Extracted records
+ + + + + + +
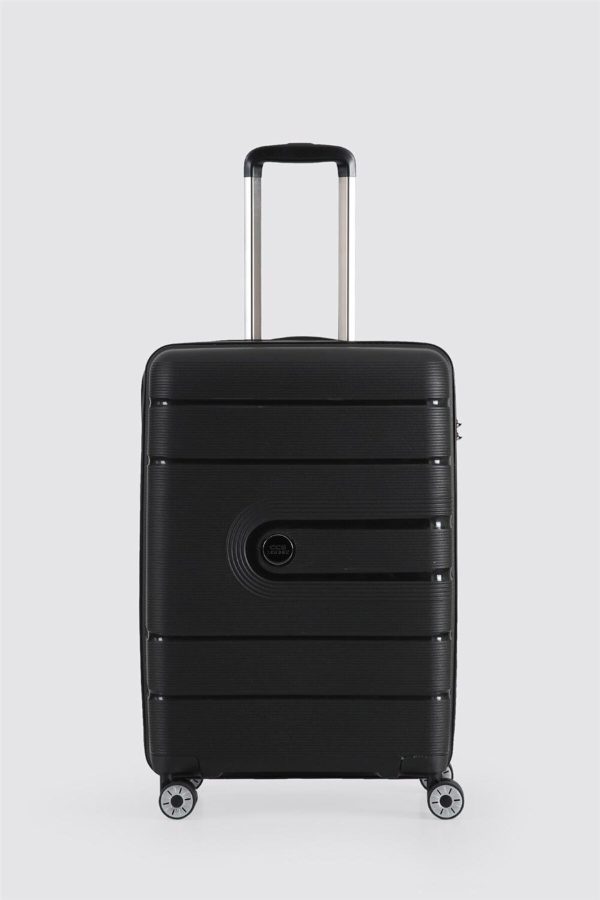 ÇÇS 5247 POLİPROPİLEN KIRILMAZ ORTA BOY VALİZ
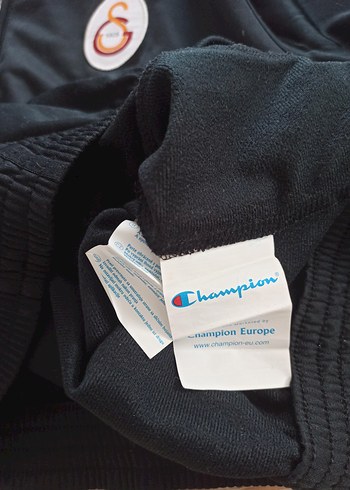 Champion Galatasaray 2000'ler Vintage Ceket - Görsel 5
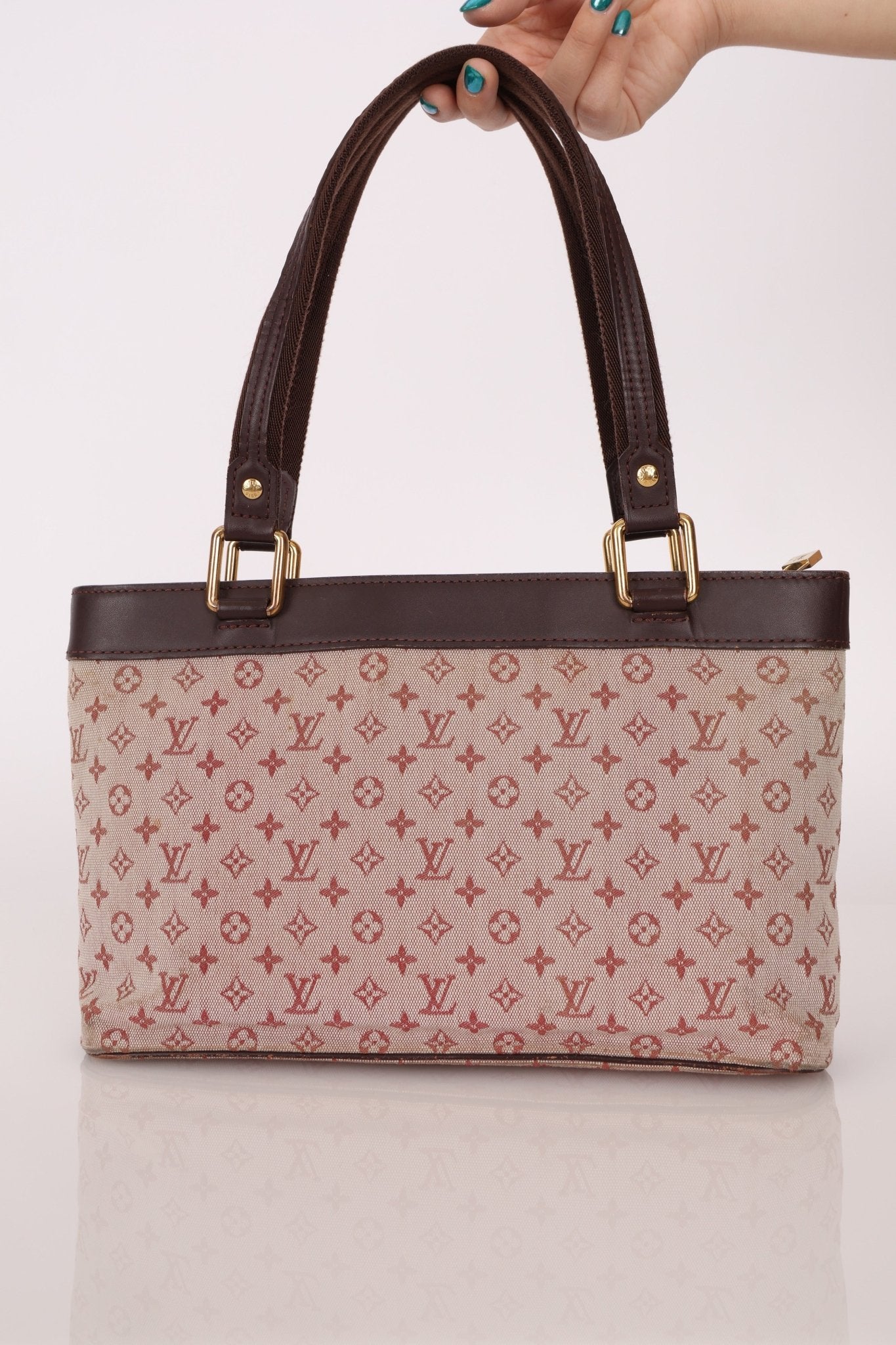 Louis Vuitton Mini Lin Lucille PM - FashioNica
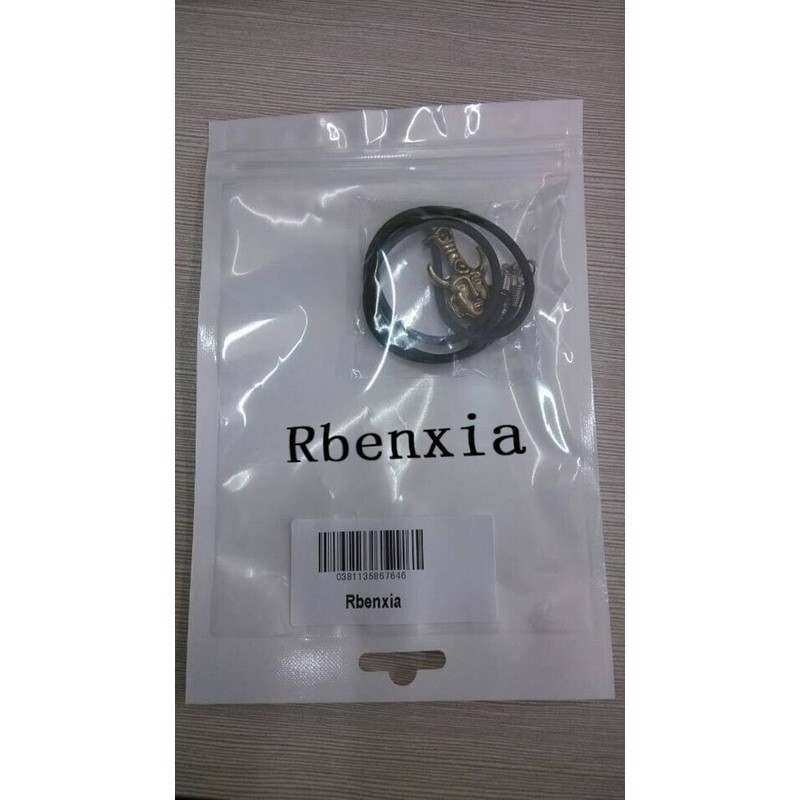 2pcs Supernatural Dean Winchester Mask Amulet Demon Pendant Necklace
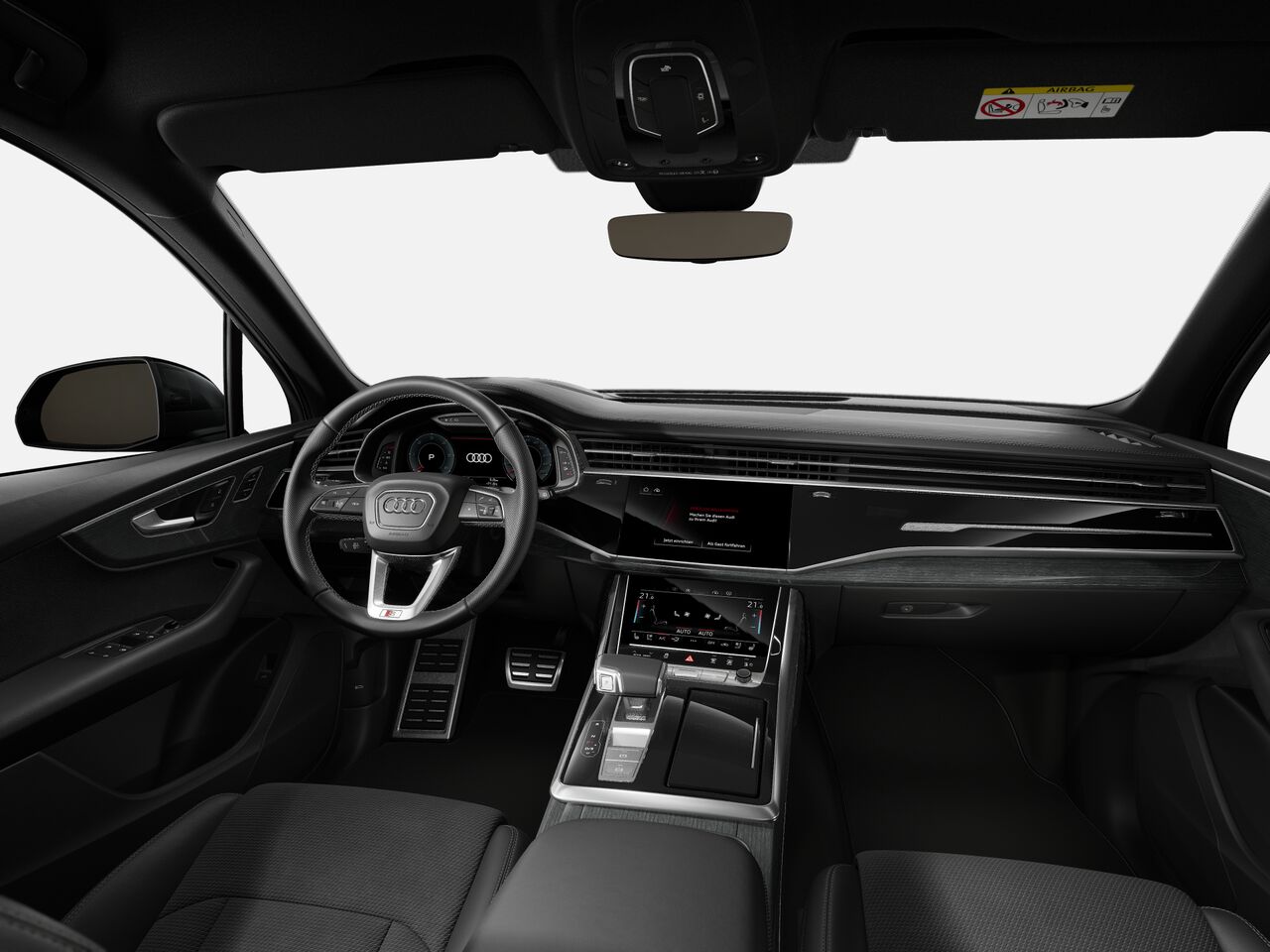 Audi Q7 SUV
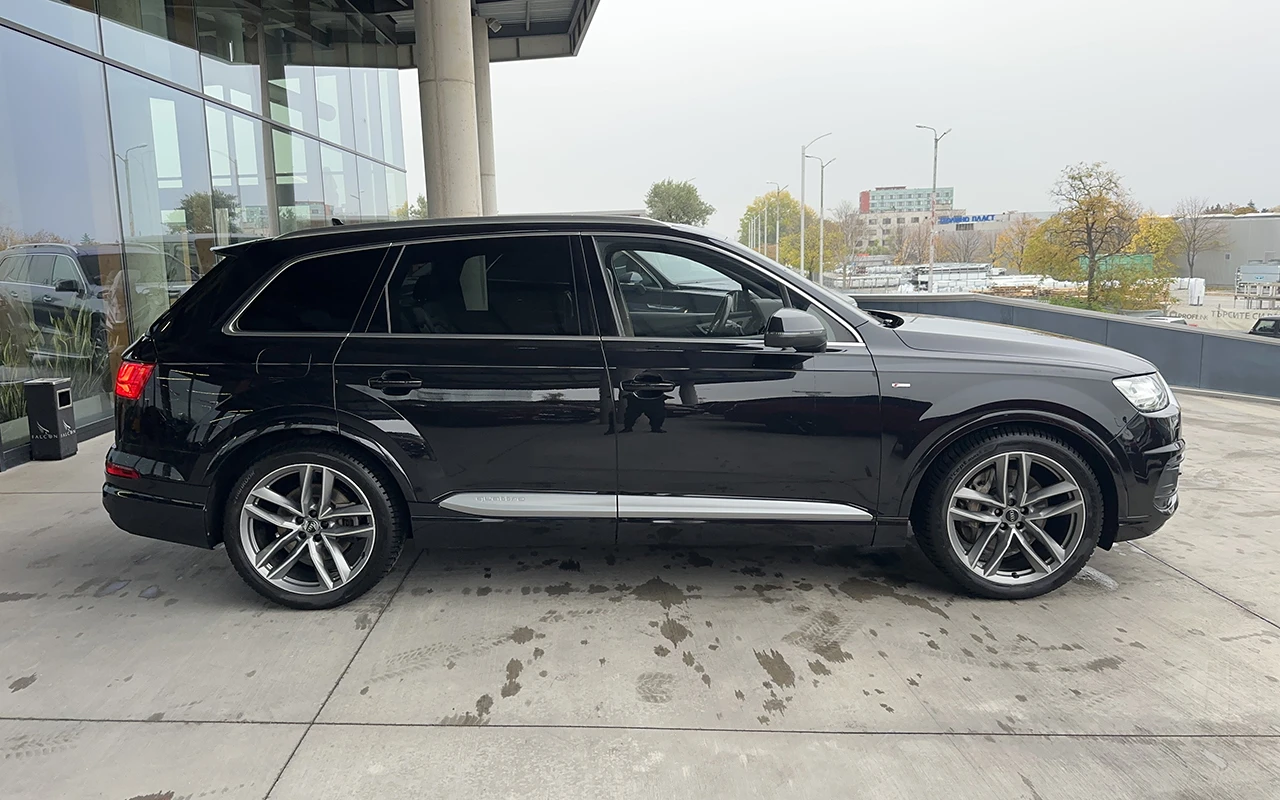 Audi Q7 3.0 TDI quattro S line | Mobile.bg   3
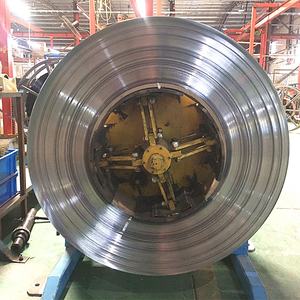 Bande de fil galvanisé série 90 Industrial18GA, colle dorée, pour agrafes - Product Image 4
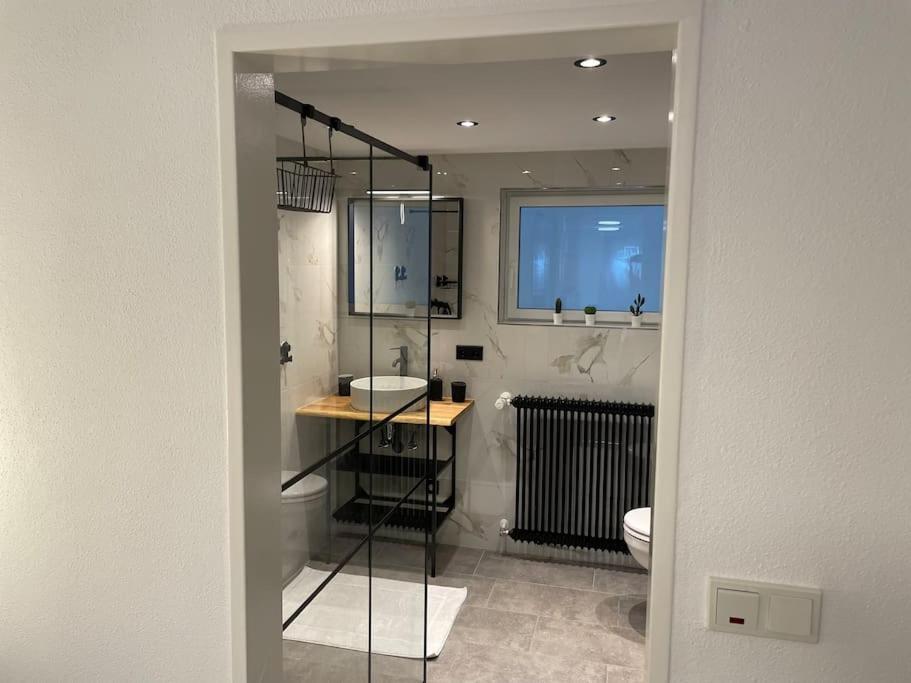 Gemuetliche&Moderne Ferienwohnung Naehe Trier & Luxemburg Bollendorf Kültér fotó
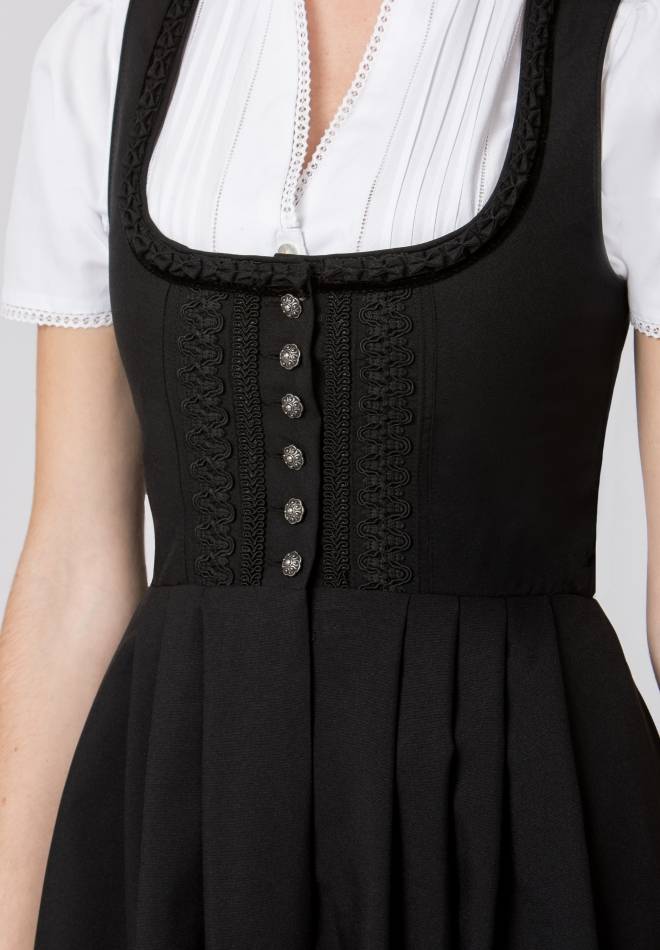 Stockerpoint Dirndl Zenta3 schwarz 34 Bis zu 55% Rabatt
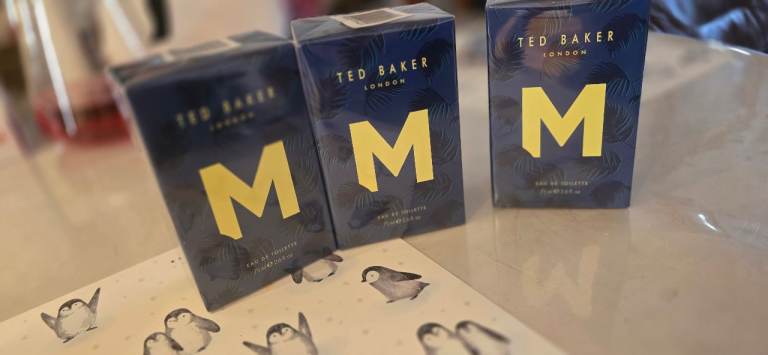 Ted Baker london perfume 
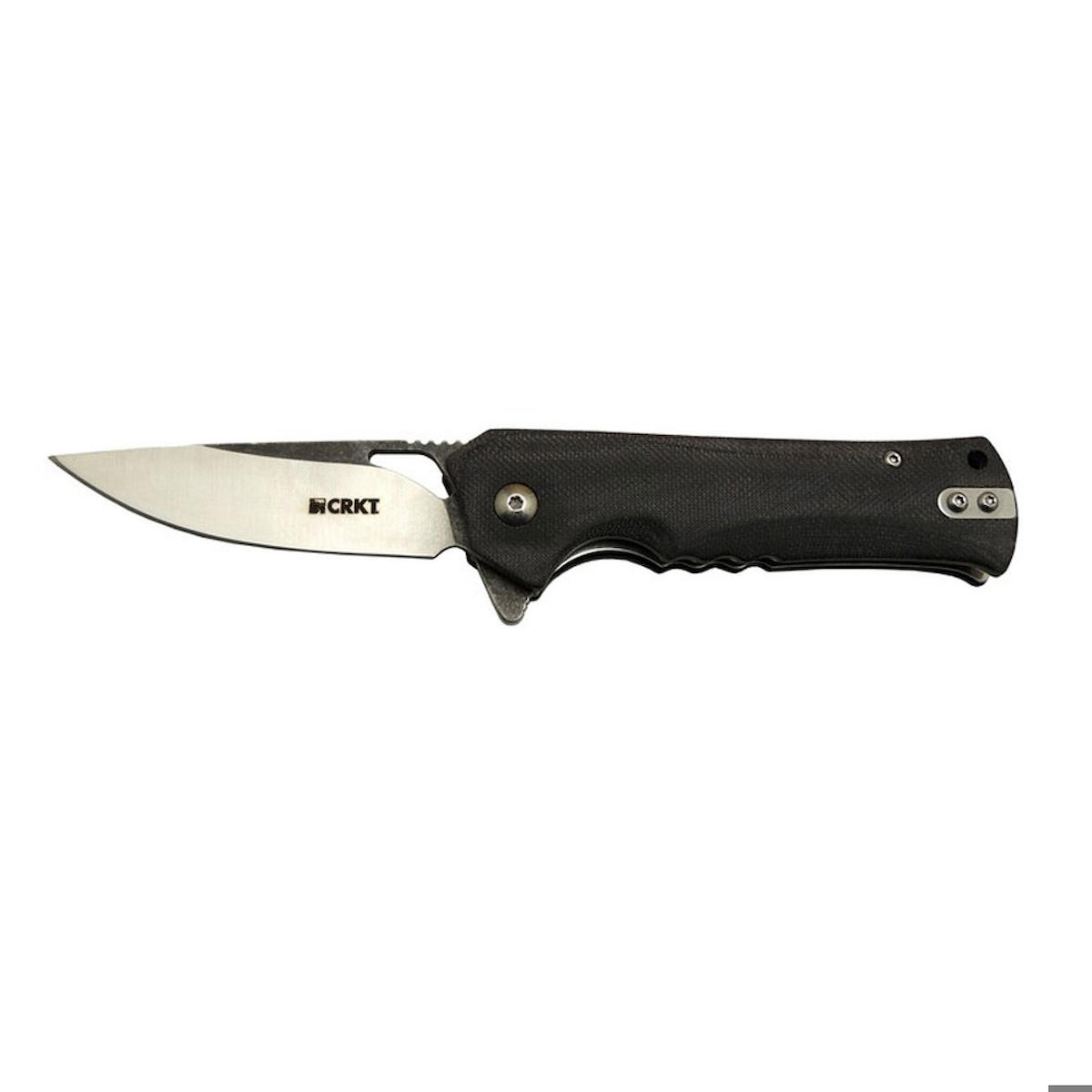 CRKT 202A SİYAH ÇAKI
+ + + + + + +
Pictures are not part of the copy. Extract exactly the lines from the line containing "Audi Q7 SUV" through the final line of the entries above, both included.

● **Reply to the exercise**
 Audi Q7 SUV
 Audi Q7 3.0 TDI quattro S line | Mobile.bg   3
 Bande de fil galvanisé série 90 Industrial18GA, colle dorée, pour agrafes - Product Image 4
 Gemuetliche&Moderne Ferienwohnung Naehe Trier & Luxemburg Bollendorf Kültér fotó
 Stockerpoint Dirndl Zenta3 schwarz 34 Bis zu 55% Rabatt
 Ted Baker london perfume 
 CRKT 202A SİYAH ÇAKI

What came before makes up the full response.